Nationalist Party leader Adrian Delia has warned of “total failure” in Malta’s education system after it was revealed how primary school students were being taught inside containers at St Paul’s Bay government school.
Delia described the move as a “certificate of failure”, saying that a Nationalist Party in power always prioritized Malta’s education system.
Last Friday, the Times of Malta reported how ten prefabricated classrooms were set up in the playground of a government primary school at St Paul’s Bay in order to cope with rising student numbers.
National statistics show that the population numbers in St Paul’s Bay has been growing for a number of years, however it has been reported that between 2015 and 2018, the number of residents in the area grew by 26%. The Times quoted the school’s principal as saying an influx of foreigners has left the primary school badly needing more space.
Delia stressed that the PN had built one school per year during its time in government, and the current situation can be translated to mean that the government does not have any respect towards students. He said the government neither has respect for teachers and lecturers as the profession has long suffered staffing shortages.
Education Minister Evarist Bartolo previously promised a new school for St Paul’s Bay, with the deadline having been set for 2015. Issues arising at the Foundation for Tomorrow’s Schools, such as the resignation of top officials, corruption claims landing in court and delays in the tendering progress all contributed towards delays for the new school.

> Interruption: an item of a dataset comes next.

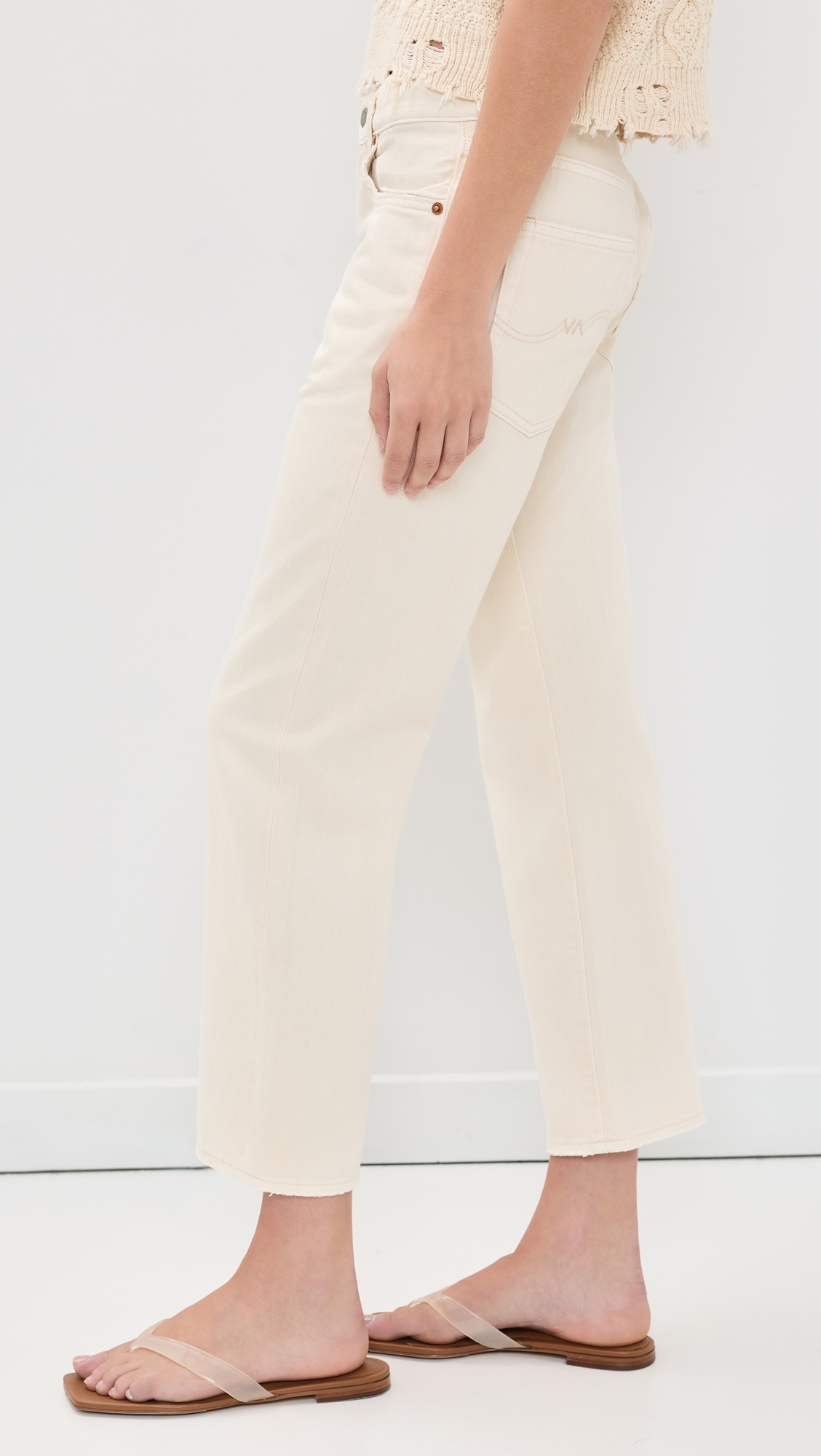 Lucy Boyfriend Jeans Barley Khaki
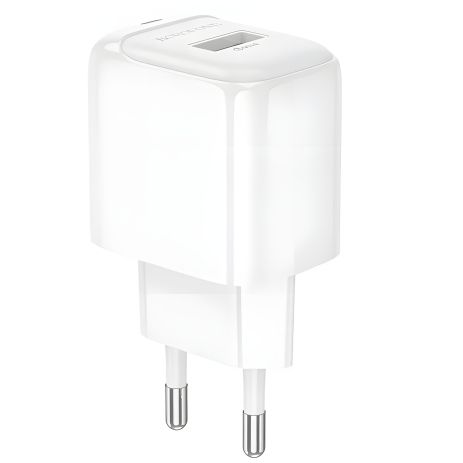 Зарядка Borofone BAS42A 1USB QC3.0 18W белая Зарядка Borofone BAS42A 1USB QC3.0 18W белая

The latest target has been set for September 2019.
Education Ministry Reaction
In reaction, the Education Ministry has denied that the classrooms in question can be called “containers”, adding that just because they are “prefabricated classrooms” does not mean they are of inferior quality.
He said the classrooms are kitted out with all modern technology, such as interactive whiteboards and air conditioning, and implored that the PN leader stop using ultra partisan remarks in an area as sensitive as education.